— Task prompt —
Return all of the data exactly, with nothing left out but the pictures.

— Exercise data —

--------

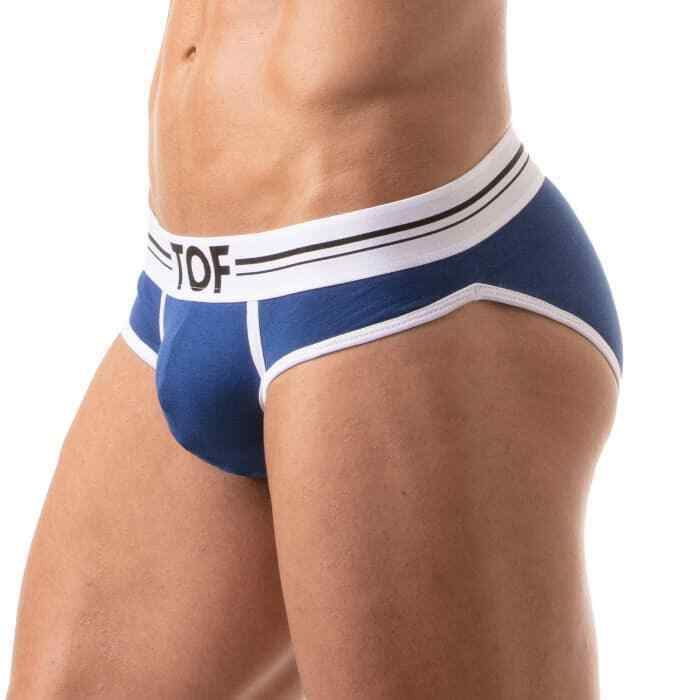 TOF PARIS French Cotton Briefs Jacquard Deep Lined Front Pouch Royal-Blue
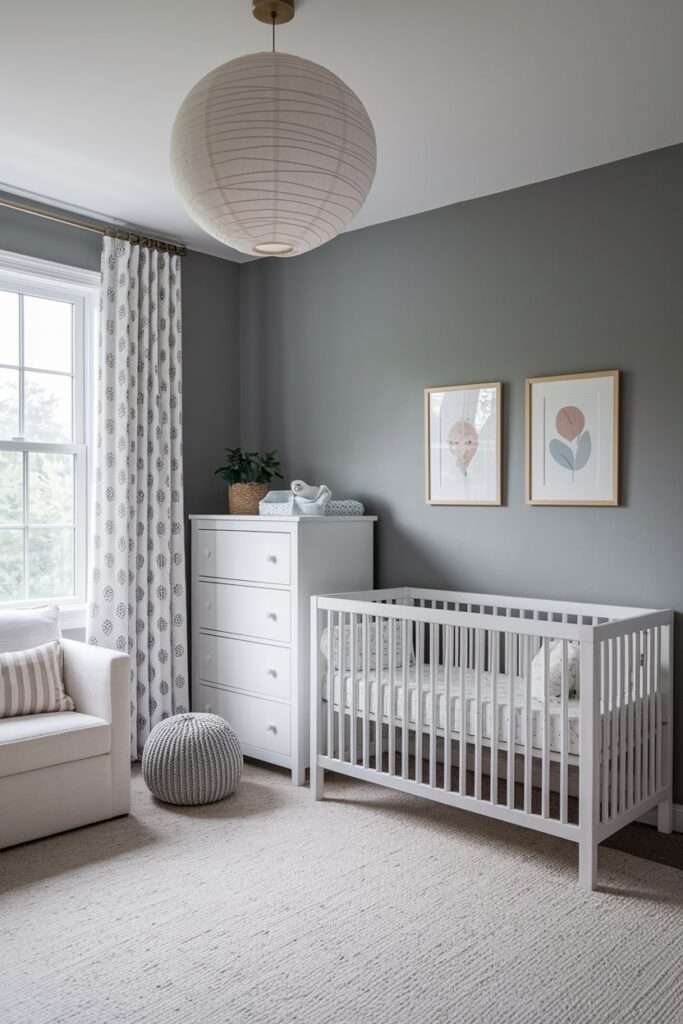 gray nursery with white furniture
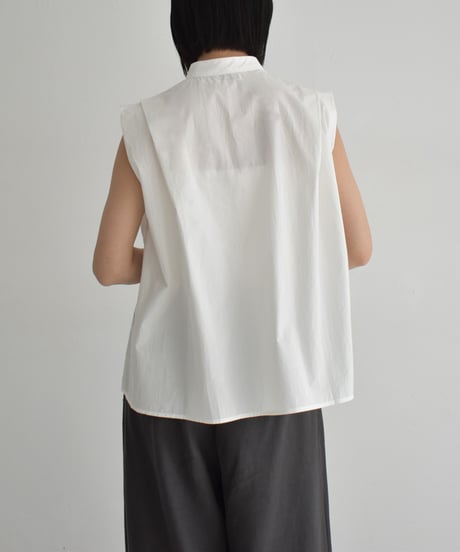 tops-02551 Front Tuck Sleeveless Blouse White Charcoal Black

--------

— Your solution —
 TOF PARIS French Cotton Briefs Jacquard Deep Lined Front Pouch Royal-Blue
 gray nursery with white furniture
 tops-02551 Front Tuck Sleeveless Blouse White Charcoal Black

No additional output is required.